Lorsqu'on y pense, les membres de Lip Balm Anonymous ne sont pas si différents de vous et moi.
Regardez autour de vous: nous sommes tous accrocs à quelque chose, nous avons tous besoin d'une béquille pour vivre. Quand ce n'est pas la drogue ou l'alcool, c'est le sexe, la bouffe, la nicotine, le travail, la religion, l'amour ou le chocolat. Certains ne peuvent passer une journée sans se défoncer au gym, alors que d'autres sont incapables de travailler sans boire un litre de café ou manger un kilo de sucre.

Il y a les cyber-dépendants, qui sont collés à leur écran d'ordi; les obsessionnels compulsifs, qui se lavent les mains à toutes les deux minutes; les anorexiques, qui maigrissent à vue d'oeil; les boulimiques, qui se font vomir; les accrocs du jeu, qui flambent leurs économies au casino; les alcoolos, qui mettent du scotch dans leurs céréales, et les pharmaco-dépendants, qui croquent des p'tites pilules roses comme si c'était des Smarties.

Sans oublier les collectionneurs, qui emplissent leur garage de quossins inutiles, les acheteurs compulsifs, qui n'ont jamais assez de souliers ou de sacs-à-main, et les sexe-addicts, qui passent leur journée à se toucher le zizi.

Il y a même les accrocs aux accrocs!
Ajoutez à cela les hommes qui battent, les femmes qui aiment trop, les enfants qui se sucent le pouce jusqu'à 25 ans et les chiens qui courent après leur queue, et vous avez une belle ménagerie de dingues. De quoi remplir des millions d'asiles.

Pourquoi sommes-nous tous drogués à une chose ou à une autre? Qu'est-ce qui nous pousse à nous étourdir de la sorte?

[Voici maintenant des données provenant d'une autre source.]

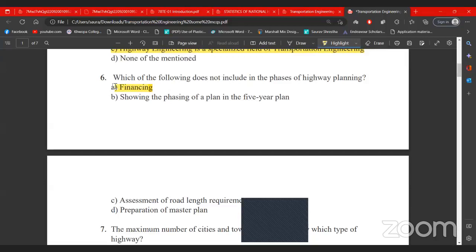A highway plan covers: master plan, road length requirement, road width requirement, turning radius, geometric design, five-year plan, and amount of traffic growth — all incorporated into the plan. The finalized plan does not include financing, but when making a real construction contract there are financial considerations for the job.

Je ne sais pas quoi répondre à cette question, je ne suis pas un spécialiste des toxicomanies. Mais quelque chose me dit que ça fait partie de la condition humaine. On a beau dire que l'homme et la femme sont des êtres rationnels, nous sommes tous à la recherche de transcendance.

Nous voulons tous sortir de notre corps, sortir de notre tête, et toucher le ciel du bout des doigts. Comme le chantait Bob Dylan: «Knock, knock, knockin' on heaven's door.»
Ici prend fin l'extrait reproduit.